Mulher de 62 anos é resgatada de trabalho análogo à escravidão após mais de 50 anos de atuação sem salário
Auditoria-Fiscal do Trabalho apontou que a vítima começou a trabalhar aos 7 anos e nunca recebeu salário regular
Uma mulher de 62 anos foi resgatada de uma situação caracterizada como trabalho análogo à escravidão após atuar por 54 anos como empregada doméstica sem receber salário para uma mesma família, no Ceará. A operação foi concluída na última quinta-feira (2) pela Auditoria-Fiscal do Trabalho, com apoio do Ministério Público do Trabalho (MPT) e da Polícia Federal.
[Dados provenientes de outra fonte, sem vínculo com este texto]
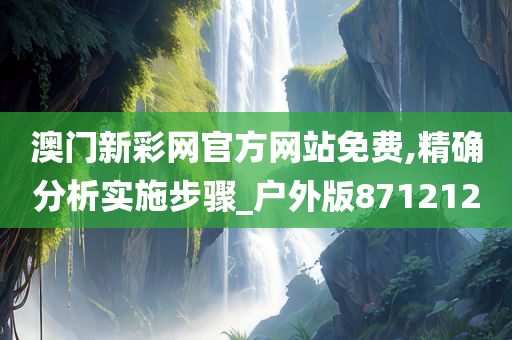 澳门新彩网官方网站免费,精确分析实施步骤_户外版871212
Segundo a investigação, a trabalhadora começou a prestar serviços em 1971, quando tinha apenas 7 anos de idade. Desde então, permaneceu vinculada à mesma família, acompanhando três gerações, sem acesso à educação, sem remuneração regular e em situação de dependência econômica.
A fiscalização constatou que a mulher nunca recebeu salário pelo trabalho realizado. Ela era inscrita no Cadastro Único e sobrevivia com cerca de R$ 600 mensais do Bolsa Família. Ainda de acordo com a investigação, os saques do benefício eram feitos pela empregadora, que depois entregava o dinheiro à trabalhadora.
Em 1982, a vítima passou a trabalhar na residência da filha da primeira empregadora, onde cuidava da casa e dos três filhos do casal. Já em 2014, foi transferida para outro imóvel da mesma família, acumulando os serviços domésticos com os cuidados de duas crianças.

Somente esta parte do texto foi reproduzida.